--- What you are asked to do ---
Your task is to repeat the lines below exactly, excluding any pictures they contain.

--- Data below ---

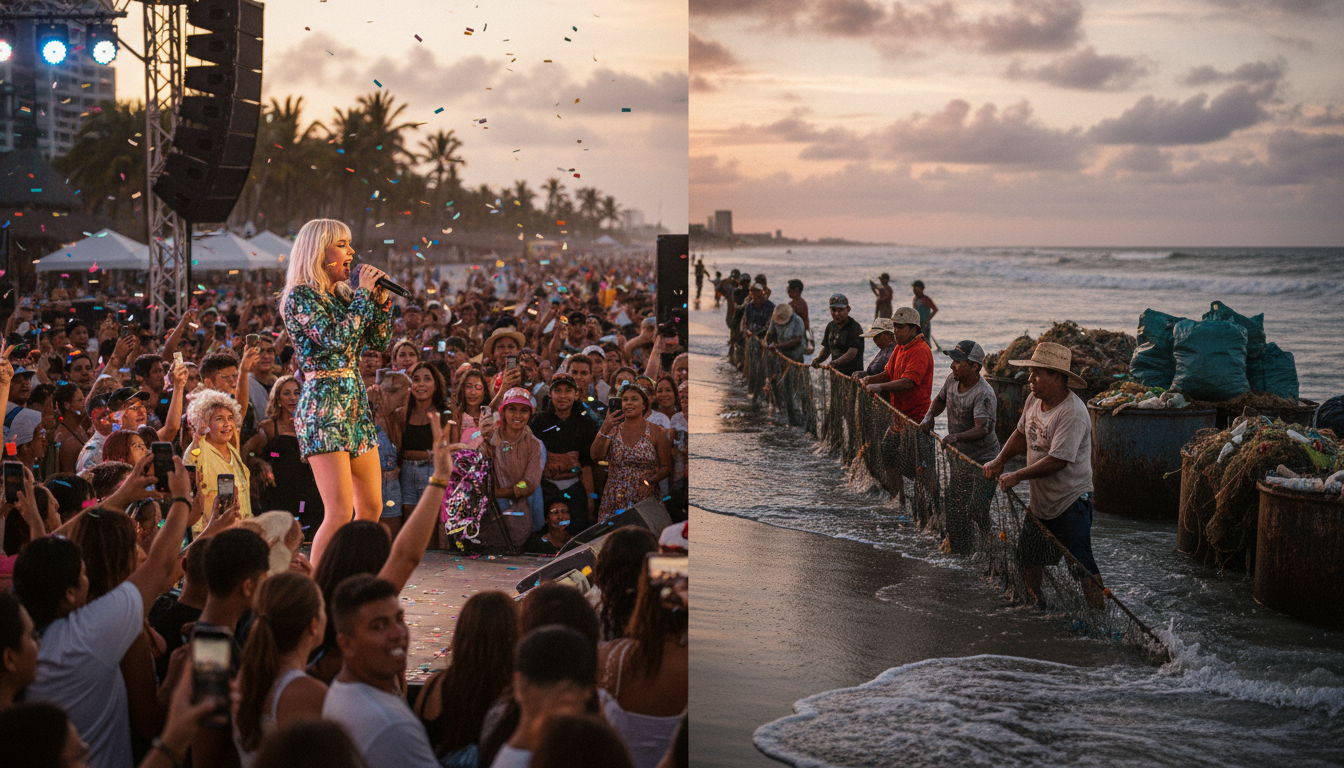 Puerto Vallarta's Dual Attractions Reflect Shifting Tourist Desires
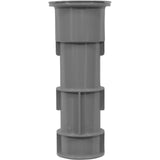 Umbrella Sleeve, Aquastar, 7.5", w/Sleeve & Center Cap Dark Gry : US105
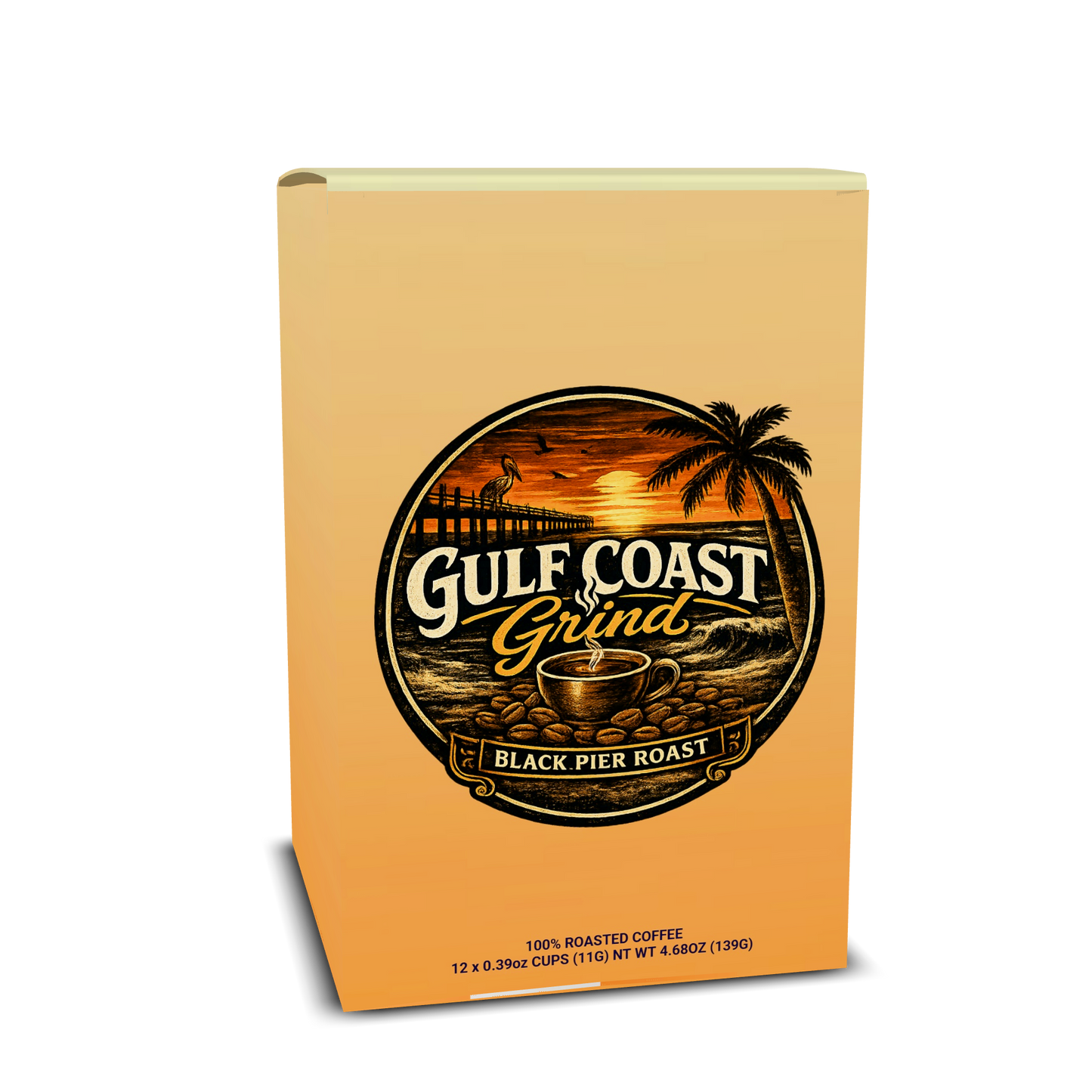 Black Pier Roast Pods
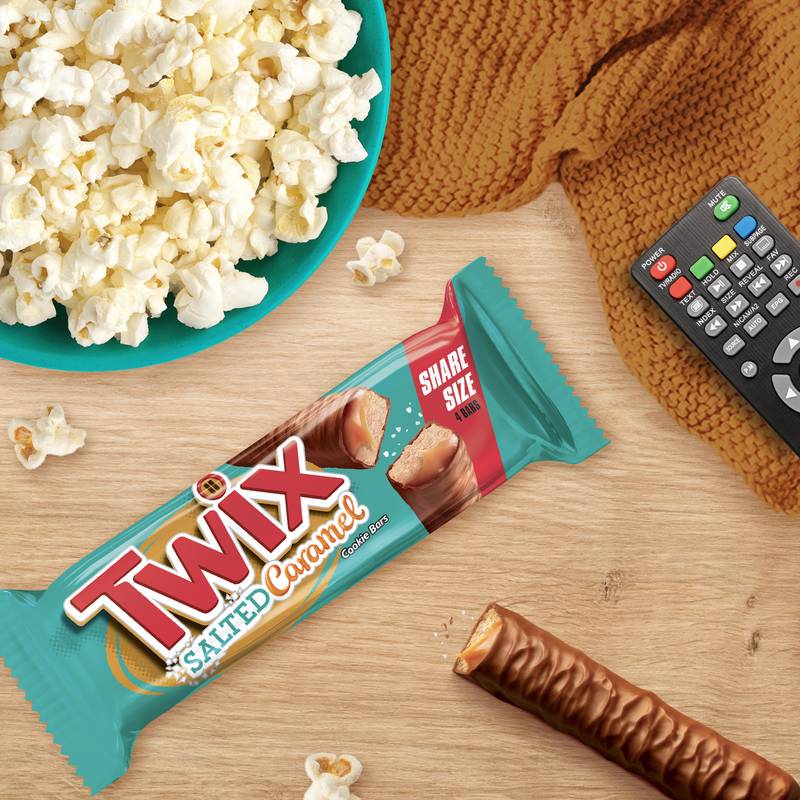 Twix Salted Caramel Share Size, 3.02oz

--- Your response ---
 Puerto Vallarta's Dual Attractions Reflect Shifting Tourist Desires
 Umbrella Sleeve, Aquastar, 7.5", w/Sleeve & Center Cap Dark Gry : US105
 Black Pier Roast Pods
 Twix Salted Caramel Share Size, 3.02oz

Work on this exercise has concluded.